**WHAT IS BEING ASKED:**
Copy each line below exactly as it appears. Pictures are to be omitted.

**EXERCISE DATA:**
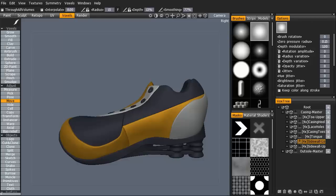3D Coat version 3.5.18, also known as 3.6, has a new function for the pose and move tools in the voxel and surface modes. It's called through all volumes. Let's turn that on.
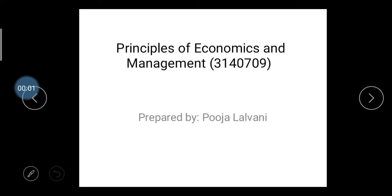Hello dear students, good morning to all of you. As you know, from today we are starting the new subject: Principles of Economics and Management, which is considered in your Semester 4. In this video lecture, I will explain the teaching scheme and the syllabus of this subject. So let's start.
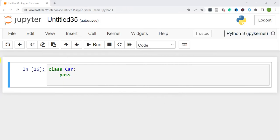Hi guys, welcome back to my channel. My name is Eno. In today's video I'll be doing a quick introduction to classes in Python. Classes in Python allow us to group objects that have similar characteristics. In object-oriented programming languages such as Python, the word 'object-oriented' refers to objects that mirror real-world objects.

**ANSWER TO THIS EXERCISE:**
3D Coat version 3.5.18, also known as 3.6, has a new function for the pose and move tools in the voxel and surface modes. It's called through all volumes. Let's turn that on.
Hello dear students, good morning to all of you. As you know, from today we are starting the new subject: Principles of Economics and Management, which is considered in your Semester 4. In this video lecture, I will explain the teaching scheme and the syllabus of this subject. So let's start.
Hi guys, welcome back to my channel. My name is Eno. In today's video I'll be doing a quick introduction to classes in Python. Classes in Python allow us to group objects that have similar characteristics. In object-oriented programming languages such as Python, the word 'object-oriented' refers to objects that mirror real-world objects.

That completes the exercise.